__Data for this task__:
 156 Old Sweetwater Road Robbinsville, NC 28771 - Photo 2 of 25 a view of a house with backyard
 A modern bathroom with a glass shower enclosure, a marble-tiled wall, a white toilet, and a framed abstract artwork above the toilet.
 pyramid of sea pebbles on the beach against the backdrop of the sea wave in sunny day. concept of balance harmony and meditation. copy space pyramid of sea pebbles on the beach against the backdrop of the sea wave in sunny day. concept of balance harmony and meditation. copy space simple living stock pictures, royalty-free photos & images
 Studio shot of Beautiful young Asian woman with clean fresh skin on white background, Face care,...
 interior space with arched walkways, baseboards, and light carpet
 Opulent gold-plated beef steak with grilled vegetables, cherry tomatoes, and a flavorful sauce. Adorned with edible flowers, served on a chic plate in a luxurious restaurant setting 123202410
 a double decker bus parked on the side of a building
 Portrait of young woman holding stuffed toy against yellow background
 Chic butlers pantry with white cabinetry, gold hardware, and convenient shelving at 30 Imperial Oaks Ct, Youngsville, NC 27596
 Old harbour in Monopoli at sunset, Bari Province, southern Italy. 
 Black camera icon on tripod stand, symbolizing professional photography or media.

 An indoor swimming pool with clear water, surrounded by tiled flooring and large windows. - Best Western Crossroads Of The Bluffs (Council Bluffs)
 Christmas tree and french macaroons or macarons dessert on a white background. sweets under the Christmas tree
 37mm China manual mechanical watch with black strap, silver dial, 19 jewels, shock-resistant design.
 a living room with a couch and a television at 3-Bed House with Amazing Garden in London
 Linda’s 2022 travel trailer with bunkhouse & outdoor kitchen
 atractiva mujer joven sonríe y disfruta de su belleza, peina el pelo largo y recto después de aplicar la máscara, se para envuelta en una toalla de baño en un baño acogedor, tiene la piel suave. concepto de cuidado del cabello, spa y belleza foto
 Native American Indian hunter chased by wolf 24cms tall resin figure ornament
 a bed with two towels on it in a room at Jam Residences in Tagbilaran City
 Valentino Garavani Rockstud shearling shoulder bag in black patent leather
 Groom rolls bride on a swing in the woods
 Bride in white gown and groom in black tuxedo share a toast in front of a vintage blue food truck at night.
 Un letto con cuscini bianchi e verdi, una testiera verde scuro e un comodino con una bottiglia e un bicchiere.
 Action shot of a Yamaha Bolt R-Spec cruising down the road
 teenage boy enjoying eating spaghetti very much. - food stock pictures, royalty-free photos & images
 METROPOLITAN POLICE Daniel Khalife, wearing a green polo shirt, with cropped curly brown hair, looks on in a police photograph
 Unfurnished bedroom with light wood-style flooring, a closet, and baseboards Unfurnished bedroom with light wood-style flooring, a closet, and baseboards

__Problem description__: The answer must be the full listing, written out word for word.

__Solution to this problem__:
 156 Old Sweetwater Road Robbinsville, NC 28771 - Photo 2 of 25 a view of a house with backyard
 A modern bathroom with a glass shower enclosure, a marble-tiled wall, a white toilet, and a framed abstract artwork above the toilet.
 pyramid of sea pebbles on the beach against the backdrop of the sea wave in sunny day. concept of balance harmony and meditation. copy space pyramid of sea pebbles on the beach against the backdrop of the sea wave in sunny day. concept of balance harmony and meditation. copy space simple living stock pictures, royalty-free photos & images
 Studio shot of Beautiful young Asian woman with clean fresh skin on white background, Face care,...
 interior space with arched walkways, baseboards, and light carpet
 Opulent gold-plated beef steak with grilled vegetables, cherry tomatoes, and a flavorful sauce. Adorned with edible flowers, served on a chic plate in a luxurious restaurant setting 123202410
 a double decker bus parked on the side of a building
 Portrait of young woman holding stuffed toy against yellow background
 Chic butlers pantry with white cabinetry, gold hardware, and convenient shelving at 30 Imperial Oaks Ct, Youngsville, NC 27596
 Old harbour in Monopoli at sunset, Bari Province, southern Italy. 
 Black camera icon on tripod stand, symbolizing professional photography or media.

 An indoor swimming pool with clear water, surrounded by tiled flooring and large windows. - Best Western Crossroads Of The Bluffs (Council Bluffs)
 Christmas tree and french macaroons or macarons dessert on a white background. sweets under the Christmas tree
 37mm China manual mechanical watch with black strap, silver dial, 19 jewels, shock-resistant design.
 a living room with a couch and a television at 3-Bed House with Amazing Garden in London
 Linda’s 2022 travel trailer with bunkhouse & outdoor kitchen
 atractiva mujer joven sonríe y disfruta de su belleza, peina el pelo largo y recto después de aplicar la máscara, se para envuelta en una toalla de baño en un baño acogedor, tiene la piel suave. concepto de cuidado del cabello, spa y belleza foto
 Native American Indian hunter chased by wolf 24cms tall resin figure ornament
 a bed with two towels on it in a room at Jam Residences in Tagbilaran City
 Valentino Garavani Rockstud shearling shoulder bag in black patent leather
 Groom rolls bride on a swing in the woods
 Bride in white gown and groom in black tuxedo share a toast in front of a vintage blue food truck at night.
 Un letto con cuscini bianchi e verdi, una testiera verde scuro e un comodino con una bottiglia e un bicchiere.
 Action shot of a Yamaha Bolt R-Spec cruising down the road
 teenage boy enjoying eating spaghetti very much. - food stock pictures, royalty-free photos & images
 METROPOLITAN POLICE Daniel Khalife, wearing a green polo shirt, with cropped curly brown hair, looks on in a police photograph
 Unfurnished bedroom with light wood-style flooring, a closet, and baseboards Unfurnished bedroom with light wood-style flooring, a closet, and baseboards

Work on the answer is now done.